Use of Complementary Medicine
Virtually everyone who is diagnosed with cancer considers the use of CAM (complementary/alternative medicine). Blessedly, most people think about adding some treatment to their standard western medical care. Sadly (to me, anyway), a few people turn away from recommended surgery or radiation or chemotherapy and embrace only alternative methods. It is always possible to hear stories of cancers that were seemingly cured by Essiac Tea or special diets, but always listen with big skepticism and remember that there are many unexplained responses in the world of medicine.
Most women whom I have known think about acupuncture or Reiki to help with symptoms or diets to enhance general health. The very big caveat is to always talk with your doctor about your plans; tell your medical oncologist or radiation oncologist what you are doing and be forthright with any alternative practitioner whom you are seeing. Many doctors will support any external (anything that you don't swallow) treatments during active cancer care, but will prefer that you hold off on vitamins or supplements until you are done with radiation and chemotherapy.
This is an article from Breast Care, a German publication, that reports a study done in Europe. Interestingly, most Euorpean women are more interested in oral complementary treatments. Please remember to think about who is making money from whatever you are buying and that anything that sounds too good to be true, likely is
Here is the summary. If you would like to read the whole article, email me, and I am happy to share it.Can't figure out how to add it as a link.

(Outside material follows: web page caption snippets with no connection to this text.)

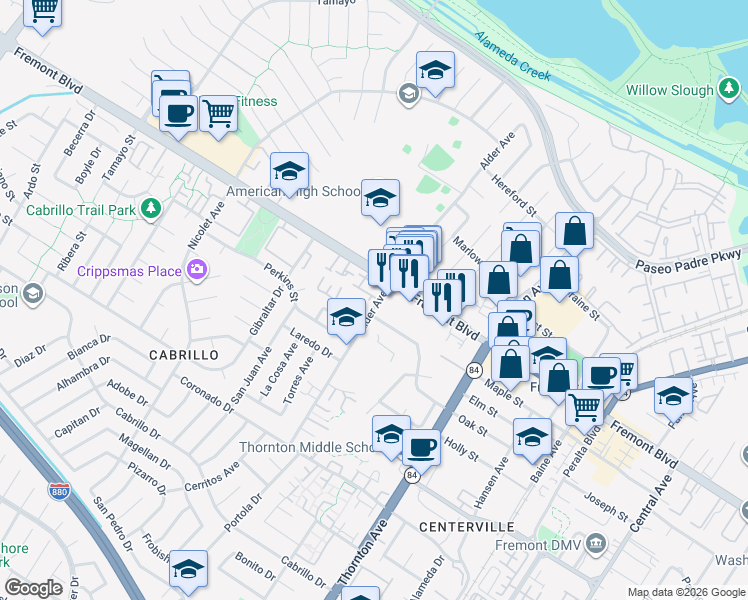 map of restaurants, bars, coffee shops, grocery stores, and more near 36558 Oak Street in Fremont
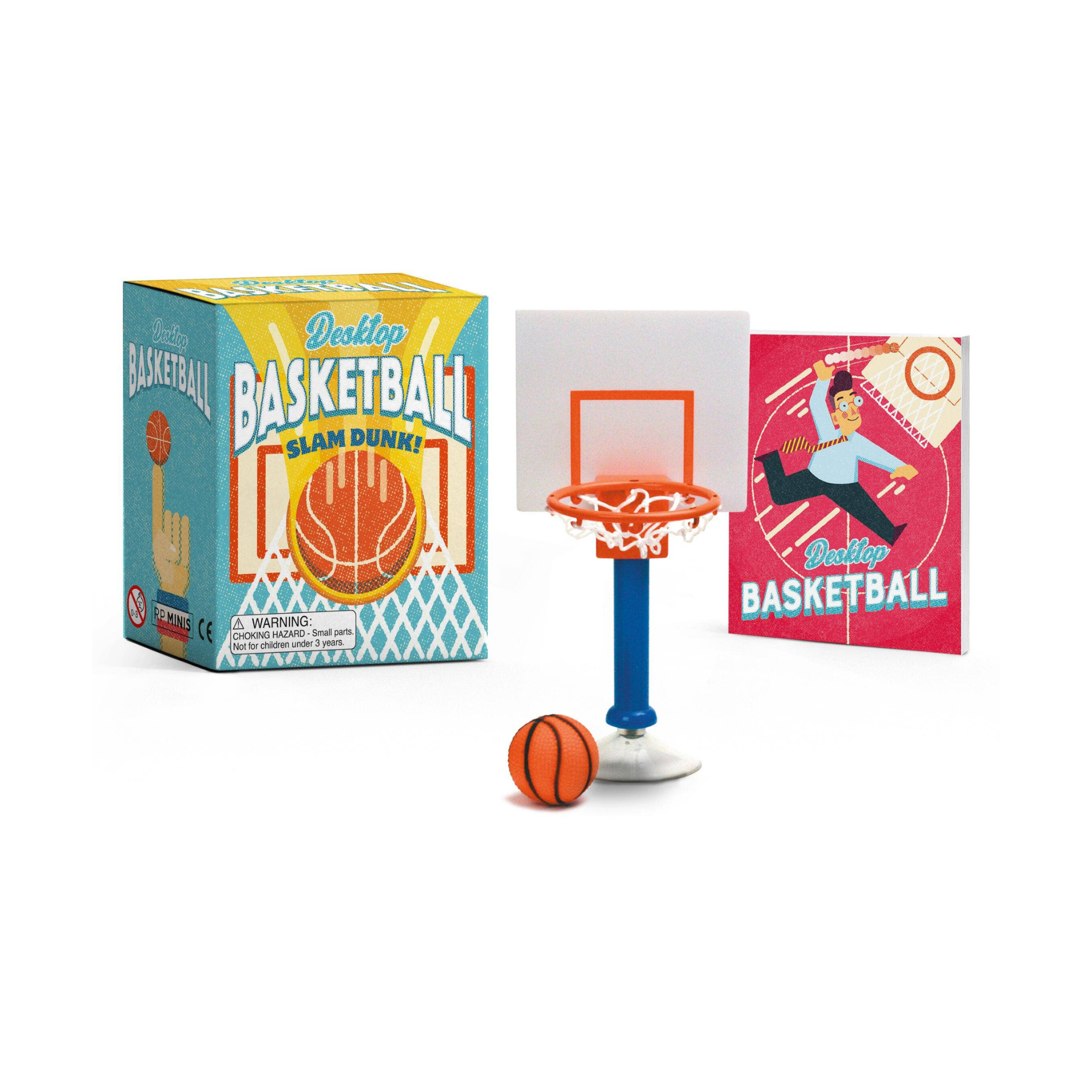 Mini basketball hoop set with basketball and packaging on a white background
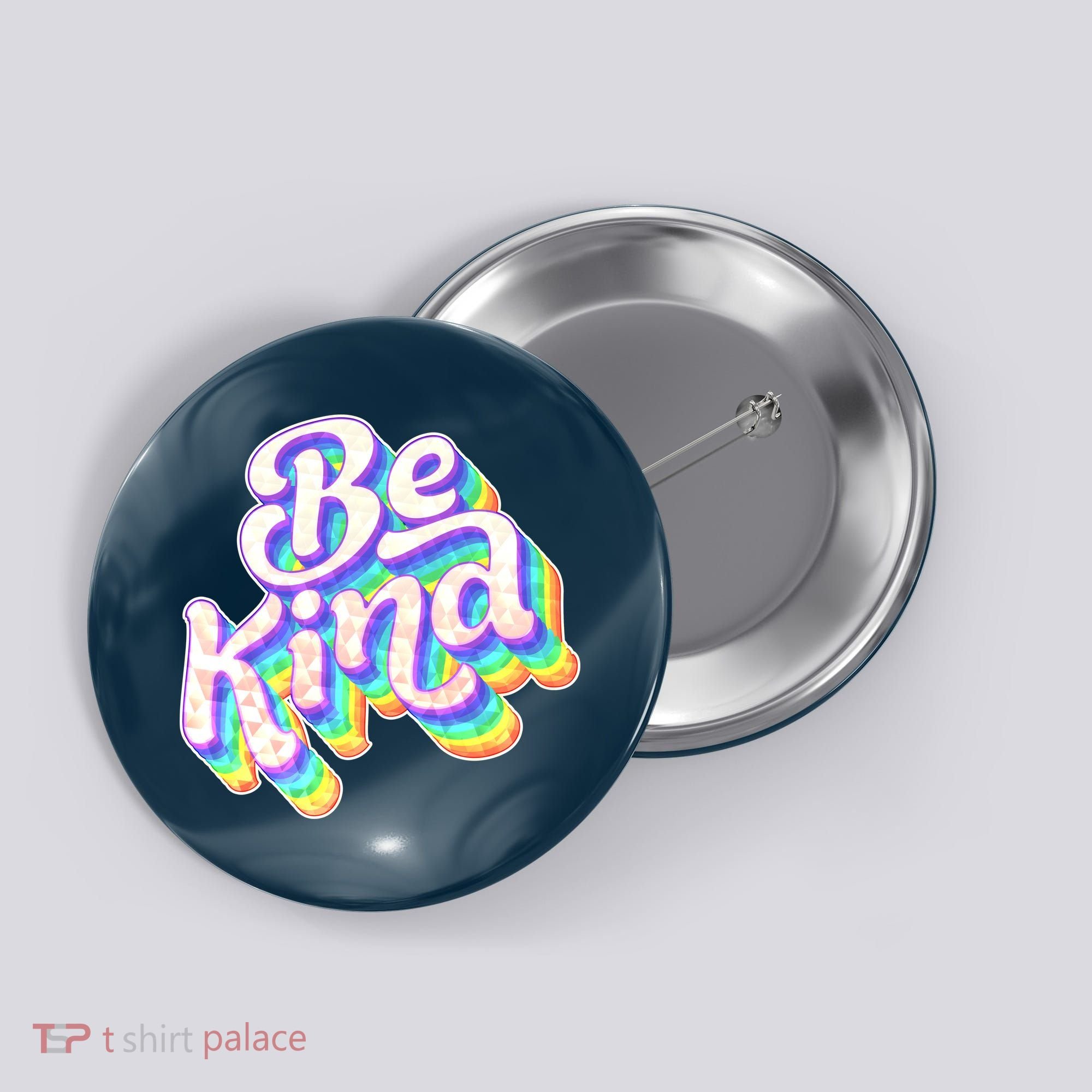 Retro Rainbow Prism Be Kind Button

Commonly Used Methods of Complementary Medicine in the Treatment of Breast Cancer
Jutta Hübnera Volker Hanfb
aDr. Senckenberg Chronomedical Institute, J.W. Goethe University, Frankfurt,
bFrauenklinik Nathanstift, Klinikum Fürth, Germany
Many patients with cancer look for information on complementary or alternative medicine (CAM) and use various CAM methods. Women with breast cancer are amongst the most avid users. Patients in Europe prefer drug-bound CAM methods, which are prone to side effects and drug interactions. In order to reduce these risks, communication between the patient and the physician on CAM is indispensible. Yet, most patients do not discuss CAM in general and complementary drug therapy
in particular with their oncologists and most oncologists themselves are not overly familiar with the topic.
This article gives an overview on the most often used CAM methods with regard to breast cancer. The current state of the scientific evidence, the benefits and risks are summarized.